W. Philly man sentenced to 50 to 100 years for choking 2 women
Andre Taylor had lists and lists of females he wanted to choke or claimed to have choked. Their names were found in 28 pages of handwritten notes discovered in his state prison cell 12 years ago, when Taylor was behind bars for choking three teenage girls in West Philadelphia.

Andre Taylor had lists and lists of females he wanted to choke or claimed to have choked.
Their names were found in 28 pages of handwritten notes discovered in his state prison cell 12 years ago, when Taylor was behind bars for choking three teenage girls in West Philadelphia.
After Taylor was released to a halfway house in East Falls in 2014, he twice returned to his old neighborhood in West Philadelphia while out on a pass, sneaked up behind women, and choked them with a white rope while trying to rob them.
Taylor pleaded guilty in December to aggravated assault, robbery, unlawful restraint, and possession of an instrument of crime in the two cases.
On Friday, Common Pleas Court Judge J. Scott O'Keefe sentenced Taylor, 35, to the maximum sentence allowable on the 2014 cases: a total of 50 to 100 years in state prison.
In the earlier case, on July 27, 2014, Taylor ran up behind a 27-year-old woman walking on Larchwood Avenue near 46th Street and choked her with a white rope and the woman's iPhone earbud cord. He robbed her of $7.
Three days later, about 12:40 p.m. July 30, he came up behind a 29-year-old woman and choked her with the same rope in an attempt to steal her necklace. The woman fought back. Nearby police arrested him.
Before the two assaults on women he didn't know, Taylor had assaulted three girls he knew in West Philly - then ages 13, 14, and 16 - in 2001 and 2002, Assistant District Attorney Cydney Pope said.

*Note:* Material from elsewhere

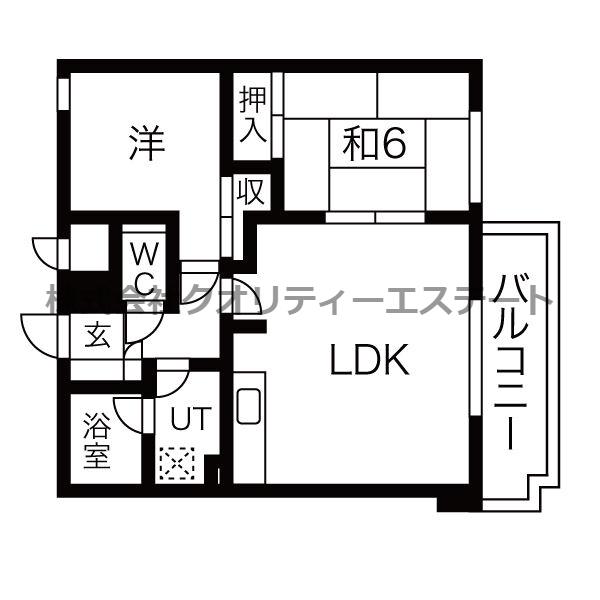 旭山シャトー桂和(2LDK/2階)の間取り写真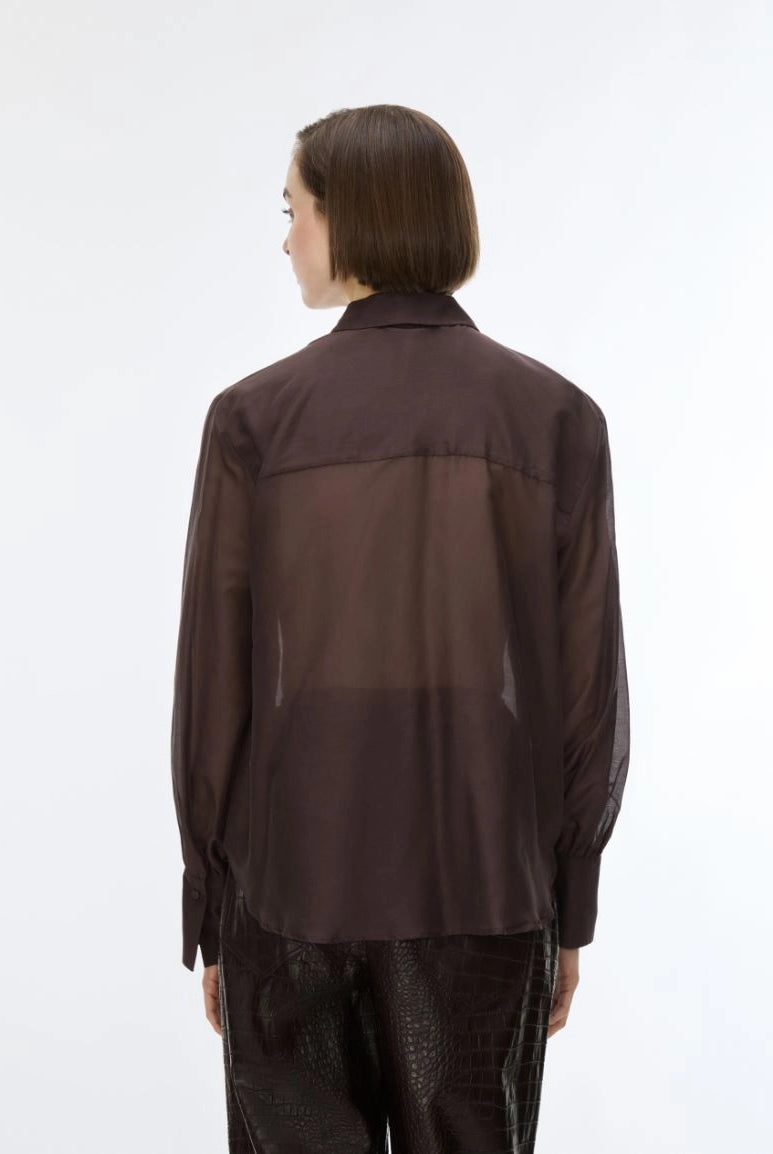 Back view of iBlues Iblasti chocolate brown silk blend blouse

He was serving a total sentence of seven to 14 years in prison on those aggravated-assault cases and for an unrelated past robbery when, in 2004, a staffer at the State Correctional Institution-Albion in Erie County found a 28-page document in Taylor's cell, Pope said.
The pages, in Taylor's handwriting, included notes to himself, Pope said. "Do This When Home!!," he wrote, and "Make Sure The Girl Is Not Breathing And Is Dead!"
He also wrote of his plans: "Watch her choke on something until death, or Just Dead" and "Strangle her with a Night Stick, until dead."
Pope said authorities were not aware of Taylor killing anyone, and it did not appear that he sexually assaulted anyone.
There were "hundreds of names," some with both first and last names, on those 28 pages, with some overlap, Pope said.
On one list, Taylor wrote 58 names of girls he claimed to have choked.
On another list, he had 12 girls whom he wrote he should have killed.
Taylor also wrote that he planned to go to a middle school to get "another" graduation book.
Pope said she asked O'Keefe for the maximum sentence for Taylor. "We know exactly what he would do if he were to be released," she said. "The community here, the people in Philadelphia, need to be protected."